Well I'm an older man (60s)... shall I pose naked? Will ya look at that to? My privates can by your privates to or you can just keep it private.
Most men are just invisible their whole lives.
"I demand the male gaze!"
I thought the collection of photographs was interesting because it was a peak behind the curtain, literally. Bodies have so much variety, it's amazing. True, that one's self criticism and vanity is one's worst enemy. Note that the 18 year old appreciated her elder aunt's body because the aging was not a personal matter, the older person was/is appreciated with love.
I appreciated warmth of light in the photos and the gentleness of nature and the grace with which the photographer reminds us that from earth we come, to earth we return.
The only thing that would make this more edgy would be menstrual blood.
Did I say "edgy?" I meant to say "boring and predictable."

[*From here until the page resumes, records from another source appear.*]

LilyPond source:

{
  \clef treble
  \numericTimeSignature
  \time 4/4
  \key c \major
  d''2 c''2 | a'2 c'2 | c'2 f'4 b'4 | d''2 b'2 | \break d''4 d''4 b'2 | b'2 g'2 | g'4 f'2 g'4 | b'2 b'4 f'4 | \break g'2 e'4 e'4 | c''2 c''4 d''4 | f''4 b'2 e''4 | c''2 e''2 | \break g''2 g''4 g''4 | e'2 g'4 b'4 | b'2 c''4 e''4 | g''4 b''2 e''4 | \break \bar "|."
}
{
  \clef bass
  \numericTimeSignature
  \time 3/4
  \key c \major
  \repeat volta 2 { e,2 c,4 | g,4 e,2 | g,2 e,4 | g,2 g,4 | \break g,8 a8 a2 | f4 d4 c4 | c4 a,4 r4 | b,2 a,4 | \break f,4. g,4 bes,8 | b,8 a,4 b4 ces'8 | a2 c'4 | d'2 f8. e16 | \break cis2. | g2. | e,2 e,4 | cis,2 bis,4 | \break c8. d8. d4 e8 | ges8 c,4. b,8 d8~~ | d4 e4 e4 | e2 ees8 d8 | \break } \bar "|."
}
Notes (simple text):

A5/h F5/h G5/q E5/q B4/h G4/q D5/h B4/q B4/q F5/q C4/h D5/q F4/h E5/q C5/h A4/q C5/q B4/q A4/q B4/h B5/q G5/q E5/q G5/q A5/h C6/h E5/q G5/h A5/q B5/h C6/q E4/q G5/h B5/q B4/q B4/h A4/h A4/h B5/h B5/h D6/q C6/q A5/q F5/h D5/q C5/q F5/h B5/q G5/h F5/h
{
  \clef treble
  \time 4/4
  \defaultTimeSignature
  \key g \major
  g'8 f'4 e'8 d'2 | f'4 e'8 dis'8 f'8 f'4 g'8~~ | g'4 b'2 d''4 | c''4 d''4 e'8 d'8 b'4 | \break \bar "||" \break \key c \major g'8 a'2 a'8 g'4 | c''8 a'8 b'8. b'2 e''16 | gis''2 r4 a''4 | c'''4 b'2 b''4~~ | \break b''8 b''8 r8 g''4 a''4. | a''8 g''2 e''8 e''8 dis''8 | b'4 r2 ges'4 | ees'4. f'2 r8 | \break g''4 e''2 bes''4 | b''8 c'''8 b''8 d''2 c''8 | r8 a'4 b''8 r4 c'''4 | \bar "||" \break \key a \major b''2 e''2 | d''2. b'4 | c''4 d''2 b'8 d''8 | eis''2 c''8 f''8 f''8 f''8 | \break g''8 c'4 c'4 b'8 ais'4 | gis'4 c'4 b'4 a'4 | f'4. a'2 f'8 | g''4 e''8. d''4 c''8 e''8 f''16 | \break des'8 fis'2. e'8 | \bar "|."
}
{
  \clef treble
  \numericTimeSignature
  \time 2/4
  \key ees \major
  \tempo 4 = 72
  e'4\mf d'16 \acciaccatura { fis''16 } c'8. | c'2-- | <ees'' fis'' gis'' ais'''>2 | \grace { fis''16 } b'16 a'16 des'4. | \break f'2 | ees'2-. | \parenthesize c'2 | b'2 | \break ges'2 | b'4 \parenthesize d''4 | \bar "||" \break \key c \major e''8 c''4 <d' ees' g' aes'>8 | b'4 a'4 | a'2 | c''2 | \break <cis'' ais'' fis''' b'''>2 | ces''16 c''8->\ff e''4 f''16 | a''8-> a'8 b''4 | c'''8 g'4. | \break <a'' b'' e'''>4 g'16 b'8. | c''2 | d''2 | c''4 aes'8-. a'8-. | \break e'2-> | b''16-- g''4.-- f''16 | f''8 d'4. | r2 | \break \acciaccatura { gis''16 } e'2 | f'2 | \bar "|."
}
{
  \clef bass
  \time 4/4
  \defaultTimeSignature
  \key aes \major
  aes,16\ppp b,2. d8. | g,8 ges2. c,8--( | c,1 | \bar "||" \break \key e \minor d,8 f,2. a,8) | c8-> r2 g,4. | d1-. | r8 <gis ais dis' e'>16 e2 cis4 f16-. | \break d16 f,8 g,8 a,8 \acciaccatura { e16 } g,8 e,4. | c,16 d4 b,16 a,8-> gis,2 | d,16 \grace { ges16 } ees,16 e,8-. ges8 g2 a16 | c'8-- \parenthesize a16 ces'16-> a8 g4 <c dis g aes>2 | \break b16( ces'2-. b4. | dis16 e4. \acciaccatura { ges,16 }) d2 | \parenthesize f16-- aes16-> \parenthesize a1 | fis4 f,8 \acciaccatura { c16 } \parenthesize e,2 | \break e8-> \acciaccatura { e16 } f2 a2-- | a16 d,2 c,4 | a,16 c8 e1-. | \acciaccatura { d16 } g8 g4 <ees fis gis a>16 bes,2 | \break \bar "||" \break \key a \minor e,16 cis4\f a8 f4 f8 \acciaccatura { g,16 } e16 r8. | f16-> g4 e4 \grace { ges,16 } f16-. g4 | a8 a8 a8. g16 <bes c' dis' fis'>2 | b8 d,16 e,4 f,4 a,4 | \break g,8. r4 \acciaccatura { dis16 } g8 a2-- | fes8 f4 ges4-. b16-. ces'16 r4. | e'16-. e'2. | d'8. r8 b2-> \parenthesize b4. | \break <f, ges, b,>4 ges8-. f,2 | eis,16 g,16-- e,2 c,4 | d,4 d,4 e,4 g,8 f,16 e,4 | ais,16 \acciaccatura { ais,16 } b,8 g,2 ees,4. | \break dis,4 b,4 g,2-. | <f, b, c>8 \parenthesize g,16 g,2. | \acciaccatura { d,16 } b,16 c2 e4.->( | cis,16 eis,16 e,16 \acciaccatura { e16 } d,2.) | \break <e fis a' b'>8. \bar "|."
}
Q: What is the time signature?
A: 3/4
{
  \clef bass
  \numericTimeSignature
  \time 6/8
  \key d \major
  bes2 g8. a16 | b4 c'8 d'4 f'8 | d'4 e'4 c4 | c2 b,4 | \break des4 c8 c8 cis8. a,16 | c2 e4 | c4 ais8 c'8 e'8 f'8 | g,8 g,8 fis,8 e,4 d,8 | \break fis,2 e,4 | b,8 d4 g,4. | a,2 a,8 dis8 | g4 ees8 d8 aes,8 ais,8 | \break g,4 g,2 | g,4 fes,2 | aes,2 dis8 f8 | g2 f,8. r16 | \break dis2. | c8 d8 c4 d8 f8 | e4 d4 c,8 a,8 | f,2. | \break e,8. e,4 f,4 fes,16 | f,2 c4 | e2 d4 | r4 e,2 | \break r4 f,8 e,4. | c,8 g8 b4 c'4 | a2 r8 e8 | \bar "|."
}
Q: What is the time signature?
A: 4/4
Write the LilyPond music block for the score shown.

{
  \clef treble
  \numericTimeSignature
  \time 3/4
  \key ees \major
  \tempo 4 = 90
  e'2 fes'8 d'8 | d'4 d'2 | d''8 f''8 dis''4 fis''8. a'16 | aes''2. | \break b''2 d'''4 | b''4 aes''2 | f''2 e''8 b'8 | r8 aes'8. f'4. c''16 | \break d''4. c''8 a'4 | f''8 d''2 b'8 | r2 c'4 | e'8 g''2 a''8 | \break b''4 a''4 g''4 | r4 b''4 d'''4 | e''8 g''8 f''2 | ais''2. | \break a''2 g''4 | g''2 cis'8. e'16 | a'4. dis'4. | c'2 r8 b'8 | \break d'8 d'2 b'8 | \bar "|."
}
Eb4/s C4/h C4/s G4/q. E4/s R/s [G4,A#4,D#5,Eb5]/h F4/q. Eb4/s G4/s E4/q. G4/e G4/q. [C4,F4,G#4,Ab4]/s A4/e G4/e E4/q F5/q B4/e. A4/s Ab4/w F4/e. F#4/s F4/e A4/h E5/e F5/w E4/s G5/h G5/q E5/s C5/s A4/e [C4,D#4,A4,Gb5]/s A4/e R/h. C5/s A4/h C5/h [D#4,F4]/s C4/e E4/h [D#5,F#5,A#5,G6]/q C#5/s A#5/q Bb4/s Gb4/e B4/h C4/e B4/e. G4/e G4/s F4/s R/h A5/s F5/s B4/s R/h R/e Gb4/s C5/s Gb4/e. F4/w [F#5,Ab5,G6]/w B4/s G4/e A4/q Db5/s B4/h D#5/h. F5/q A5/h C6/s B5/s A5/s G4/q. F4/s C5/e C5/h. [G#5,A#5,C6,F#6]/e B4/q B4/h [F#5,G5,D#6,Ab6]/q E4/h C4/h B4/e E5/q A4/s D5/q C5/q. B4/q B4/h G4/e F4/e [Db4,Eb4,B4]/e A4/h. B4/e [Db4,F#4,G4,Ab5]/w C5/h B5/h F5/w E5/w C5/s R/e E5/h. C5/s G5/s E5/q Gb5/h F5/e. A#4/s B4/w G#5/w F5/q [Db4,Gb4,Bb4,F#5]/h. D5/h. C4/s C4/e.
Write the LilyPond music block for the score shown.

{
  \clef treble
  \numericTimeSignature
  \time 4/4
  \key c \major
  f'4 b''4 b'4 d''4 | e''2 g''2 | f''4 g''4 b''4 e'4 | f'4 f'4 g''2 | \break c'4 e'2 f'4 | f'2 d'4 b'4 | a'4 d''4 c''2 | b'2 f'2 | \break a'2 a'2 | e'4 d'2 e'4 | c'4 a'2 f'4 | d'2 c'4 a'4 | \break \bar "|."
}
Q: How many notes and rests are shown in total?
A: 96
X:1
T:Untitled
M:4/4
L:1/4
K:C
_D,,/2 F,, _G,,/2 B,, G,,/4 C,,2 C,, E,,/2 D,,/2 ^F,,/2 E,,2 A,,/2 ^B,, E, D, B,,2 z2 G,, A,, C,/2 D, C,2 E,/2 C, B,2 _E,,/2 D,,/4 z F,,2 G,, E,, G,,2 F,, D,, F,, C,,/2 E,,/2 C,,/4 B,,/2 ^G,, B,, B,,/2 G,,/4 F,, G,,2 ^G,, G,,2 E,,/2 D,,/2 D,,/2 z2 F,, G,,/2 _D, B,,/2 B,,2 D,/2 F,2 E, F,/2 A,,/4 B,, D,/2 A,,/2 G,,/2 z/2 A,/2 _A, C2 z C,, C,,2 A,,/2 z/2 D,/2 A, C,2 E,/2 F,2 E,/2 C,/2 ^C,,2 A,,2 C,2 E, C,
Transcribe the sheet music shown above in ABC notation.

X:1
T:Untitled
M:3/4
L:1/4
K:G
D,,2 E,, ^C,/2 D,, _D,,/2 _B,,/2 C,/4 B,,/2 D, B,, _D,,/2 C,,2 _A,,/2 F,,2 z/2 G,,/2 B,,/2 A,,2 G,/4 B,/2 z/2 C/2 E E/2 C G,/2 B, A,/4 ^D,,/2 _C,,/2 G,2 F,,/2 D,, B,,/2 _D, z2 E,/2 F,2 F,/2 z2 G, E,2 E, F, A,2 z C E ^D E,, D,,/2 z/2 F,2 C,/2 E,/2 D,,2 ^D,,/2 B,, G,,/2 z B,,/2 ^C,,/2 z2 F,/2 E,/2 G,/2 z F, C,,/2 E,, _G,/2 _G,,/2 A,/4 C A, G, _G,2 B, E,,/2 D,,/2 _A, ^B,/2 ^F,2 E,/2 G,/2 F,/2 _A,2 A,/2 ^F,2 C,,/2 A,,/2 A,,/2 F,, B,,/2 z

"My wife at 64 is not invisible."
So is mine, and I ALWAYS notice when she's in the room, with or without clothes. Some things never get old. :)
Gaudeamus igitur,
Juvenes dum sumus;
Post icundum iuventutem,
Post molestam senectutem
Nos habebit humus.
Let us therefore rejoice,
While we are young;
After our youth,
After a troublesome old age
The ground will hold us.
Vita nostra brevis est,
Brevi finietur;
Venit mors velociter,
Rapit nos atrociter;
Nemini parcetur.
Our life is brief,
It will shortly end;
Death comes quickly,
Cruelly snatches us;
No-one is spared.
In other words....quit yer bitchin'.
My wife is still visible, and she just turned 67. Soft lighting helps, of course.
I only saw the skinny redhead in the swimsuit. Why go to the New Yorker when I can 'GILF" all day if that's my pleasure? (It's not--I'm not that kind of perv.)
An artist can look at a pretty girl and see the old woman she will become. A better artist can look at an old woman and see the pretty girl she used to be. A great artist can look at an old woman, portray her exactly as she is... and force the viewer to see the pretty girl she used to be... more than that, he can make anyone with the sensitivity of an armadillo see that this lovely young girl is still alive, prisoned inside her ruined body.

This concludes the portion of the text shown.